Given data:
================
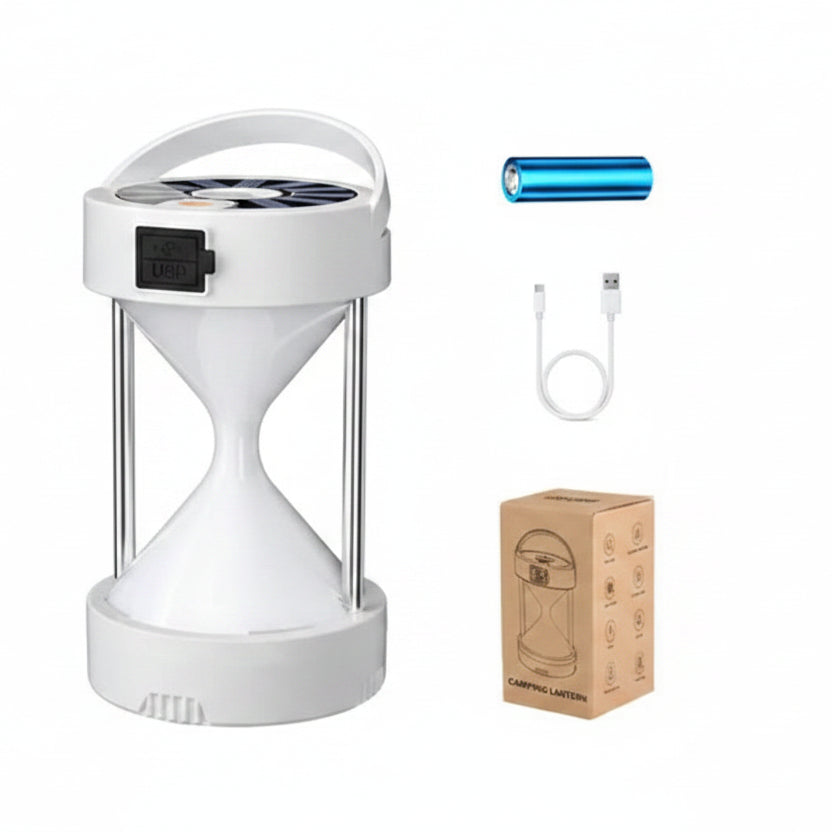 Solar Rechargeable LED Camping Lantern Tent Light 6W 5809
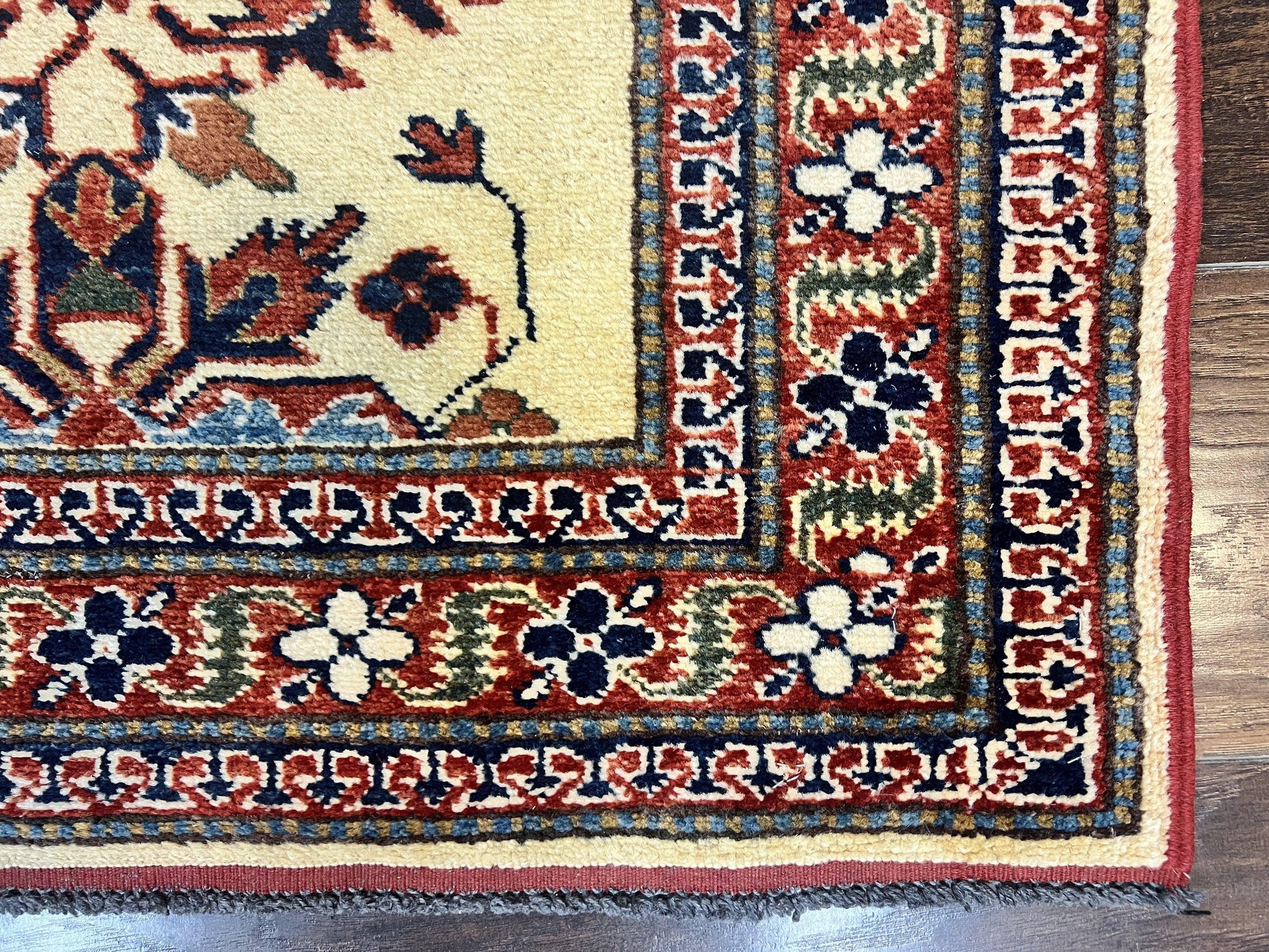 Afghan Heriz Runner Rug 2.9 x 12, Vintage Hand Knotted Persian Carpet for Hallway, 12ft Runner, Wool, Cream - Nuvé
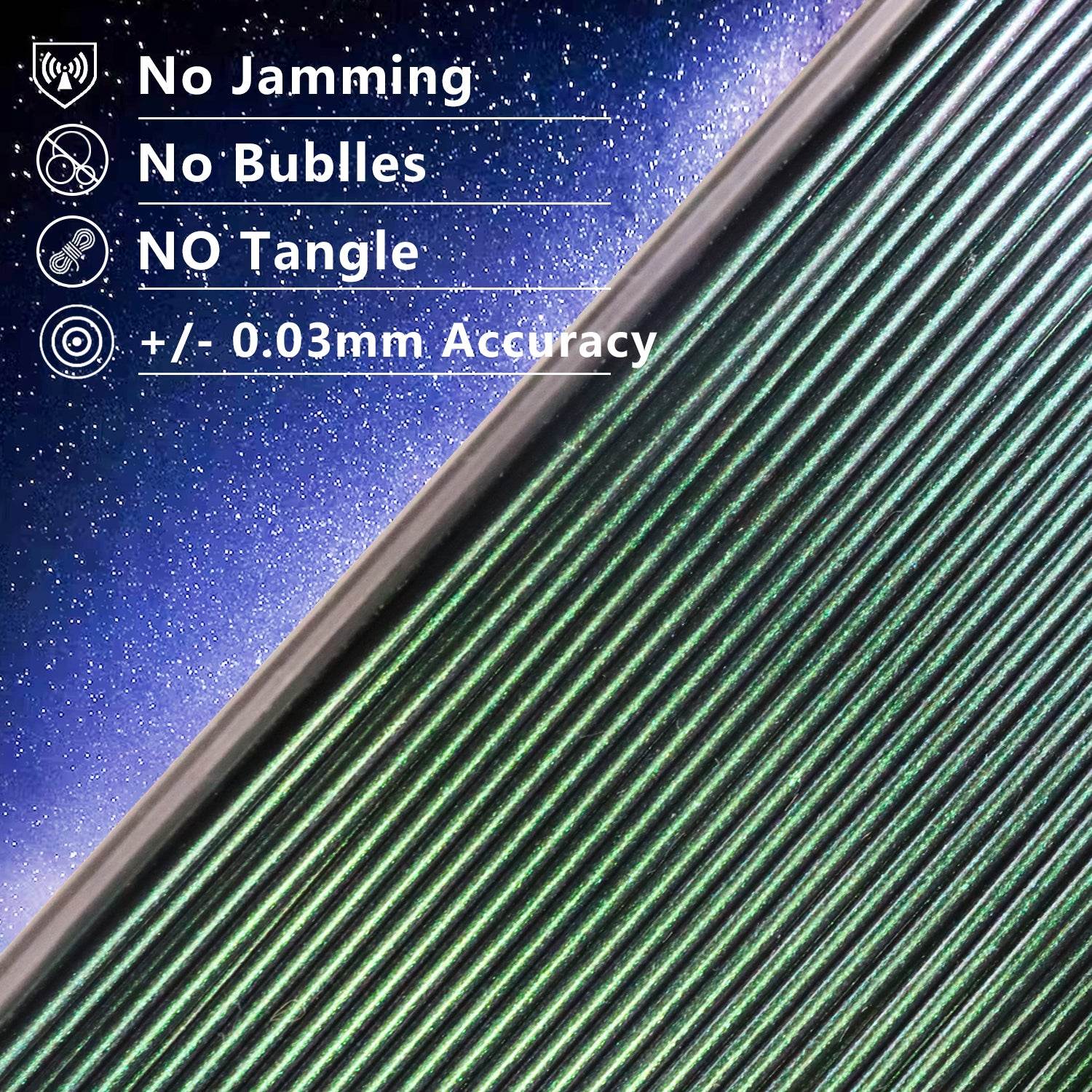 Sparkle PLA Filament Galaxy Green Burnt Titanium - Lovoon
================
Each line from the one containing "Afghan Heriz Runner" through the end of the listing is to be set down exactly, with all pictures left out.

Response area:
 Afghan Heriz Runner Rug 2.9 x 12, Vintage Hand Knotted Persian Carpet for Hallway, 12ft Runner, Wool, Cream - Nuvé
 Sparkle PLA Filament Galaxy Green Burnt Titanium - Lovoon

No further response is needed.